1999 Nissan Skyline ER34 – East Coaster of the Day

You’re probably not alone in not understanding why a pretty plain-looking Nissan is getting so much attention, although the round taillights and rear end are quite distinctive.

Among the ornate classic cars hailing from as far back as the 1940s through the 1970s, the 1999 Nissan Skyline looks so ‘normal’.

But the right-hand drive Japanese import has a certain cachet with the younger crowd. And that’s exactly what has gathered around the Skyline in the middle of the parking lot.

The kids on bikes and scooters want the owner, Mike Williams, to rev the engine. They want to hear it squeal.


Mike tells us the 1999 Skyline ended up at auction. Apparently, the original buyer had it imported then abandoned the purchase without paying the import duty.

Mike, a retired member of the Canadian military, bought the four-door sedan. He intends to put a turbocharger on the engine, which is a 2.5-litre straight-6 four-stroke RB engine with an output of 197 horsepower and 188 lb-ft of torque.

Of course, he will also put in a manual transmission. That seems like a given. Brakes have been upgraded, too.

We admire the sharp-looking wheels and Mike says he tracked them down while in Dubai. He’s had the car for just over a year.


The Skyline was first built in 1957 by Prince Motor Company, which merged with Nissan Motor Company in 1967. The model has been in continuous production in Japan since then.
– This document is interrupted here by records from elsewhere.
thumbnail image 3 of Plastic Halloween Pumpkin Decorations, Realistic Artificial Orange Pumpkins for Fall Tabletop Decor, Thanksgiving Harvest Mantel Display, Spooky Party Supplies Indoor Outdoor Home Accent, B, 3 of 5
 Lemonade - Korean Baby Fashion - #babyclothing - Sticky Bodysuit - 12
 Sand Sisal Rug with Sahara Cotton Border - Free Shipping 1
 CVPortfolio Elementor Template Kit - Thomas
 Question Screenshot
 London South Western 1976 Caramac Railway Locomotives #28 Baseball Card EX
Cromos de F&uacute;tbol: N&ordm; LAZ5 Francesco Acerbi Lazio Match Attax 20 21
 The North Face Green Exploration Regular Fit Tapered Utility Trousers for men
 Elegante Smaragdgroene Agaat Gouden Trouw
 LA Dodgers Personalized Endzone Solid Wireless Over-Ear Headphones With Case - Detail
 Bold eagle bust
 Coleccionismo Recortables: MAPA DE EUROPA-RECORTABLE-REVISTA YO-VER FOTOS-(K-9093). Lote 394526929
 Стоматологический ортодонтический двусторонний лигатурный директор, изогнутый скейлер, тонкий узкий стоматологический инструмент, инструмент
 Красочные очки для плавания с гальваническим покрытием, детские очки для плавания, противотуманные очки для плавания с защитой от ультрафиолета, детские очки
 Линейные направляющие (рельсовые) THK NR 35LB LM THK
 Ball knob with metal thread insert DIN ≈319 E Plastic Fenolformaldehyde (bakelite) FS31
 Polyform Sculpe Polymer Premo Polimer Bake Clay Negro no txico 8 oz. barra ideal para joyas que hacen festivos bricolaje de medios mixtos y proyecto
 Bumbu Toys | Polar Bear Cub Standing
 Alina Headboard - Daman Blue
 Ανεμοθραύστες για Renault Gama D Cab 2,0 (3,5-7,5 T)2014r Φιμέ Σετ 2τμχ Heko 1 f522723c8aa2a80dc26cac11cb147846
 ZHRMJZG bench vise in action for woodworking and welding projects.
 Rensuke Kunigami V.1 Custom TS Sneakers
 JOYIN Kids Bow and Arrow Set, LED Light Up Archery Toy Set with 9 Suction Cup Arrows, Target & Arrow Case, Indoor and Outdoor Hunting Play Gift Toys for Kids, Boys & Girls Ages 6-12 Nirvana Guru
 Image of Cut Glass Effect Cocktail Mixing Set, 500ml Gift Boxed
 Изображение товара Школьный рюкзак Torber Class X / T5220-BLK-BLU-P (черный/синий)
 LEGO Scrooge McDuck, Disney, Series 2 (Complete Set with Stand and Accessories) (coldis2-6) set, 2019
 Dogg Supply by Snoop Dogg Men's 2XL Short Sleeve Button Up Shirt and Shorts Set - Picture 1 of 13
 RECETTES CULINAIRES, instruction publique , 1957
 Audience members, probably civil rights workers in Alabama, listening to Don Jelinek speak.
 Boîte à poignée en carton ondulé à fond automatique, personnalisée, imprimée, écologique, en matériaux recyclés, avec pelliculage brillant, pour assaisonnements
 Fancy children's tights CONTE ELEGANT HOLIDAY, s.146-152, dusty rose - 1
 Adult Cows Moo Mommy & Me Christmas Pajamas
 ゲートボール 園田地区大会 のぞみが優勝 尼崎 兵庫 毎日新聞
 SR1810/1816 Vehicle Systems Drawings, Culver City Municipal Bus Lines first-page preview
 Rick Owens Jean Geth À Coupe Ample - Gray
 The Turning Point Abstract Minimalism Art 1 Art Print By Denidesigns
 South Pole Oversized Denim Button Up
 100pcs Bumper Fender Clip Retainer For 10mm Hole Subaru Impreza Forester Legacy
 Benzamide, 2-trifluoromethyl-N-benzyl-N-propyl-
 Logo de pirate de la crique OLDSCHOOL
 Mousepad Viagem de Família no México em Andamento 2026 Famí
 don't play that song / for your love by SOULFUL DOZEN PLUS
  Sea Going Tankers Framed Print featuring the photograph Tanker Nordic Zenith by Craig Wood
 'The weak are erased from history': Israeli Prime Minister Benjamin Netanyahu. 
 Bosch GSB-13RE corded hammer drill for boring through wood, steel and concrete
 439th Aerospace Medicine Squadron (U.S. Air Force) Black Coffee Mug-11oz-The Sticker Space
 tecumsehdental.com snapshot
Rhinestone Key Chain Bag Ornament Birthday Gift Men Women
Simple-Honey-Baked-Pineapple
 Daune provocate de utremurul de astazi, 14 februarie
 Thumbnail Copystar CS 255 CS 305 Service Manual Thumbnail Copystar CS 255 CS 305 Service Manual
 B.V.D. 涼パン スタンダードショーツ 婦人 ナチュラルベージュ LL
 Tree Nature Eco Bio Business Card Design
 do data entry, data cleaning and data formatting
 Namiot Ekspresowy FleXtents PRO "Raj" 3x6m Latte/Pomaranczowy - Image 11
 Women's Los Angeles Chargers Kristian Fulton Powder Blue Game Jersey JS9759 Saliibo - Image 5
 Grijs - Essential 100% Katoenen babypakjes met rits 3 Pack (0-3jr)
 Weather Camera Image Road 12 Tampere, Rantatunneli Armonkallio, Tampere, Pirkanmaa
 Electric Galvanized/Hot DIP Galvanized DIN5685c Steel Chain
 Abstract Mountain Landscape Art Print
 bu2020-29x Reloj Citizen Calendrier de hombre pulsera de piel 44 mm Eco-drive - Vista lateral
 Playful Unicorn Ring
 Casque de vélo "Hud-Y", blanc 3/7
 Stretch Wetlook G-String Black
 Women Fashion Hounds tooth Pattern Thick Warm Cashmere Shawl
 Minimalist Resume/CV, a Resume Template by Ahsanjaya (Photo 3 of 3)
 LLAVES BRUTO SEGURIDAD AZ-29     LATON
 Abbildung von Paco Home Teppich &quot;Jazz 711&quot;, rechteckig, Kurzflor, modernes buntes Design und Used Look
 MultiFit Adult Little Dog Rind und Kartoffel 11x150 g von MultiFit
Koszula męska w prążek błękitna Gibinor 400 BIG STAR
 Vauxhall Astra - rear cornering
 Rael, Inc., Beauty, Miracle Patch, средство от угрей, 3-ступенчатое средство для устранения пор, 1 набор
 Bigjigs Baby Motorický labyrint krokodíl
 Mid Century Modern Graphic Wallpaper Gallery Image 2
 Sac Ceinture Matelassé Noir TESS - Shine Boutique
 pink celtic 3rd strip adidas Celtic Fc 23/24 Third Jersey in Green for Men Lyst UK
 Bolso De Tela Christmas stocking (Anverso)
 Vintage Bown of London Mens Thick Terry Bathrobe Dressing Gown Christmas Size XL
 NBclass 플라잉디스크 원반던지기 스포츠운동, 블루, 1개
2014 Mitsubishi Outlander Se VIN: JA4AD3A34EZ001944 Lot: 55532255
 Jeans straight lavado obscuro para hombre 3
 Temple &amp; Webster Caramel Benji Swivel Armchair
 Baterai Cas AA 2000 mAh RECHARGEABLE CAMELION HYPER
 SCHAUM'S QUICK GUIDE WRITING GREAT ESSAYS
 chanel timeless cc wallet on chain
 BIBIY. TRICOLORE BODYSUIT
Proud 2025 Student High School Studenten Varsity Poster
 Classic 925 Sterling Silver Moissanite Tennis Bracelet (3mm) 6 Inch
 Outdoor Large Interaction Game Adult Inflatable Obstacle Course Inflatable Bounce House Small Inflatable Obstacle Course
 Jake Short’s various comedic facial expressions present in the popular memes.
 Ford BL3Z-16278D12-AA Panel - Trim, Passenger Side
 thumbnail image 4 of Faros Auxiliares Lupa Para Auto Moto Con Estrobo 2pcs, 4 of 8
The 1960 Skyline Sport model was designed by renowned Italian designer, Giovanni Michelotti.


The Skyline became one of Japan’s most desirable cars and certainly qualifies as a classic there.

In the mid-1960s, the brand entered the racing fray with a GT Skyline.

Mike’s import is a 10th generation Nissan Skyline, built from 1998 until 2002. The 11th generation brought an engine change, from a straight-six to a V6. Finally, the car would be imported into the U.S. by Nissan’s luxury brand, Infiniti, and sold as the Infiniti G35.

The Skyline nameplate continues in Japan as a luxury model and also gave birth to the Z-line revival in the form of the 2003 350Z and the performance sports car, the GT-R.

Thanks to its legendary racing heritage, its popularity in the tuner crowd and street racing culture plus appearances in video games and movies, like the Universal Studios Fast and Furious franchise, the Skyline has made its way into the youth culture of North America.

Ah, that explains that crowd of teenagers gathered around Mike’s Skyline, begging to hear the high-pitched chatter of the engine.